Reading Luke and Acts in 2020
Week 26 | Acts 2
Acts 2 Reflections and Questions
By Rev. Dr. Byron Thomas
In Their Own Language. Even though it occurred more than 30 years ago, I remember it as if it were yesterday. I was one of several seminary students on a delegation to El Salvador as part of a fact-finding mission. Several weeks earlier we had traveled to a refuge facility in Brownsville, Texas to interview persons who had fled war-torn Central America seeking sanctuary in the United States. Embroiled in a civil war, many people fled from the country seeking sanctuary in the United States. This was the story we were told at the refugee camp. However, several weeks later we were no longer on U.S. soil. Having heard the view of those in the refugee camp, an invitation was extended to travel to El Salvador to see for ourselves and hear voices on all sides of the conflict. And while there is much that I still remember more than 30 years later, there is one story that has remained with me. It was told by a young woman who, at one time had been arrested and imprisoned. She had not done anything wrong, and yet she was arrested as part of the government’s response to the country’s unrest. During her imprisonment she was repeatedly raped by prison guards and the child that she held in her arms (no more than 3-years old) was a by-product of one of these rapes.
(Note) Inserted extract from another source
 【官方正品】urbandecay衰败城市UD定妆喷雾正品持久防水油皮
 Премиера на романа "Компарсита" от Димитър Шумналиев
However, as tragic as the events of her imprisonment were, and as worthy of this portion of her story is of being told, there was another part of this young woman’s story that is germane the reading in Acts 2. This young woman shared how one day airplanes were flying over her village of 212 people located a short distance from the capital of San Salvador. The people in her village were accustomed to hearing planes fly overhead on their way to carrying out bombing missions on rebel strongholds located further away from the city. But on this particular day the planes seemed ominously closer than usual. And then suddenly the first bomb exploded. For the next 12 hours her village was bombarded. Panicked, the people of her village began running. But they didn’t just run. Rather she told us that while these villagers were running they began reciting Psalm 23. In fact, she told us that this is what they did during the entire time they were being bombarded. She then shared with us that after the bombing ceased, they counted the villagers. When they finished counting all 212 villagers were accounted for. It was a miracle that they could only attribute to God’s divine protection.
However, it was when our interpreter placed this miracle within a broader historical context that I came to appreciate it even more. She talked about how El Salvador was largely a Catholic country where for many years Mass had been done in Latin. Salvadorians would attend faithfully each week but could not understand what was being said. However, a watershed moment occurred when the Second Vatican Council made the decision that the Bible would be written in the language of indigenous people; and that the language that would be used during Mass would be “in the people’s own languages” as well. For the first time it would enable indigenous people to study the Bible for themselves and hear the Word of God preached in their own language. It was a moment that would lead to them learning about God for themselves and equip them to employ their faith practically.
This is precisely what happened with those villagers who came to believe in the power of God for themselves when they were able to read and study the Bible in their own language. And it was this God on whom they called and to whom they prayed in their native language to protect them during a time of crisis. And God did. As a result of what God did, like the disciples in our text, these villagers were witnesses to “God’s mighty deeds of power.”
The Practical work of Pentecost. It is tempting to spiritualize Pentecost. However, when Peter responds to those who raised the question, “What does this mean?” by telling them that it was the fulfillment of what had been spoken previously by the prophet Joel, the substance of this prophesy points to what seems to be nothing short of a “resetting” and to some extent a “recalibrating” of the social order. It is a prophecy that casts a wide net regarding who God includes in the work that God is doing in the world: sons and daughters; young and old; male and female slaves. Furthermore, it points to this being part of the continuation of God’s work through the life, death and resurrection of Jesus the Christ – a work to which Israel’s beloved first king, David, attested.
Questions for consideration:
- How does the Holy Spirit function in Acts 2?
- Reflect on and journal about “God’s deeds of power” that you have experienced in your own life. Consider what these experiences mean to you. How have they shaped you? How often do you speak/witness about them to others?
- Is branding our church or denomination the same as giving witness to the power of God at work in our midst?
- Reflect on Peter’s willingness to stand in front of the crowd and defend the faith. Why do you think Peter stood in front of this crowd when it had only been a short time ago that he had done his best to disassociate himself from Jesus?
Rev. Dr. Byron Thomas is pastor of Ben Hill UMC in Atlanta.